Ms Koch is scheduled set to complete the longest single space flight by a woman by remaining in orbit aboard the station until February 2020. She said gender milestones such as the spacewalk are significant.
"There are a lot of people who derive motivation from inspiring stories from people who look like them, and I think that it's an important aspect of the story to tell," she said at a NASA briefing in Houston this month.
Sandra Magnus, a former Nasa astronaut who spent 136 days on the International Space Station, told Reuters she did not want events like the latest spacewalk to become gimmicks.
"We want them to happen because people have the skill sets and they're available to do the job," said Ms Magnus.
"On the other hand, it's important for young women to see women role models doing extraordinary things," she said. "So there's two sides of the coin.
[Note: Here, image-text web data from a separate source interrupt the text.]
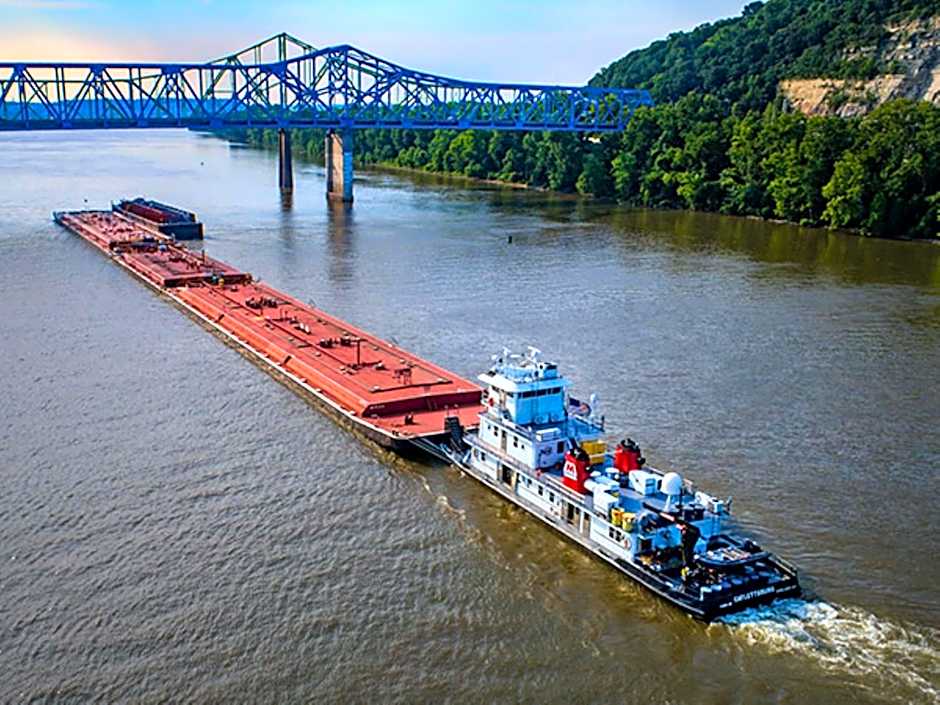 Holiday Inn Express & Suites Ironton By IHG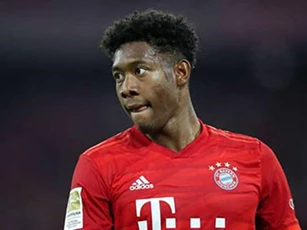 Alaba 'phản pháo' sếp cũ Bayern vụ tăng lương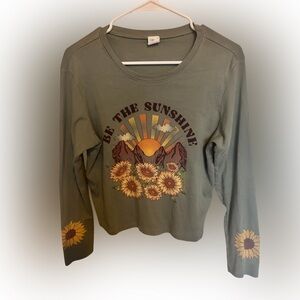 Sunflower Graphic Long Sleeve Tee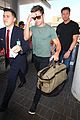 zac efron muscles cant be ignored at lax airport 05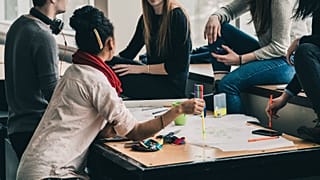 Ländervergleich: So wird das Kopftuchtragen in Europas Klassenzimmern geregelt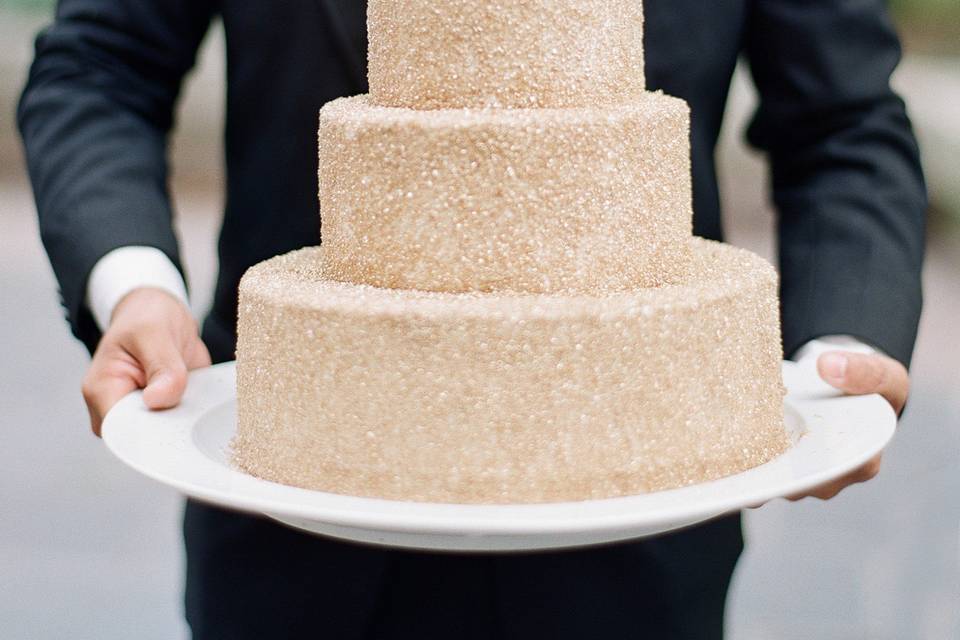 Classic wedding cake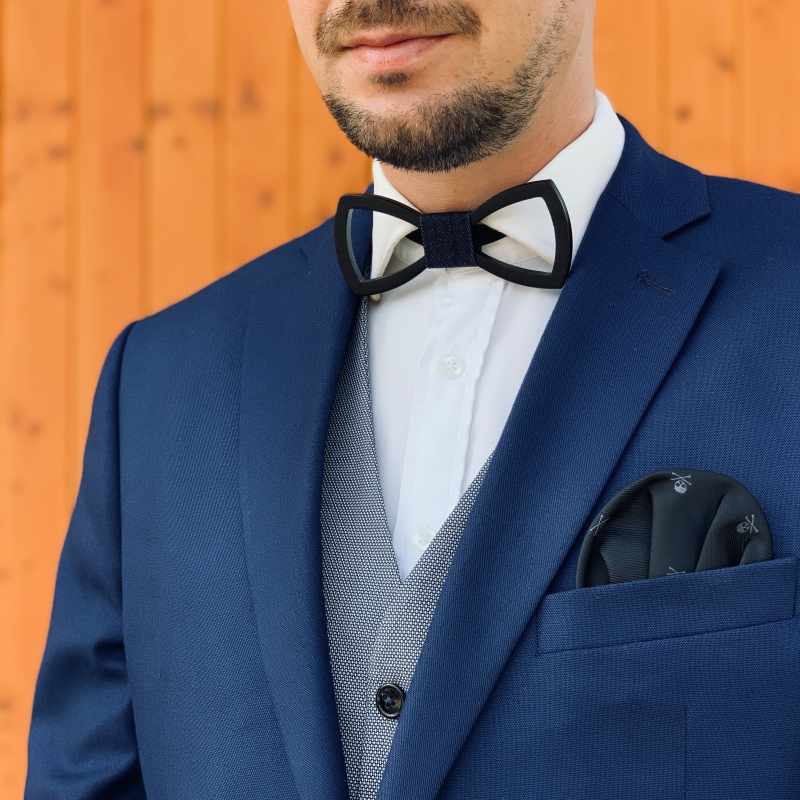 Dřevěný pánský motýlek Mahoosive černá Vrtule - denim 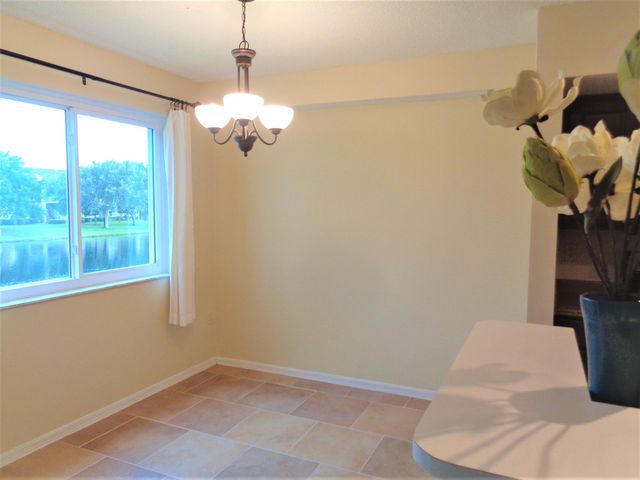 1650 N 42nd Circle 206, Vero Beach, FL 32967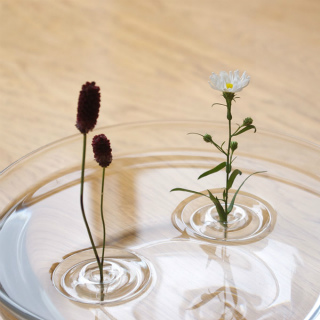 Floating-ripple-vases_1.jpg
You want it to be normal but yet you want it to be special."
The first woman to spacewalk was the Russian Svetlana Savitskaya, who went outside the USSR's Salyut 7 space station for three hours, 35 minutes on 25 July 1984. She was accompanied by fellow cosmonaut Vladimir Dzhanibekov.
The first person in history to spacewalk was Soviet cosmonaut Alexei Leonov, who died earlier this month aged 85.
On Tuesday, Nasa unveiled a prototype for a new spacesuit that might be worn by the next astronauts on the Moon. It said the new Moon suit, known formally as the Exploration Extravehicular Mobility Unit (xEMU), is designed to give the wearer a customised fit whatever their shape or size.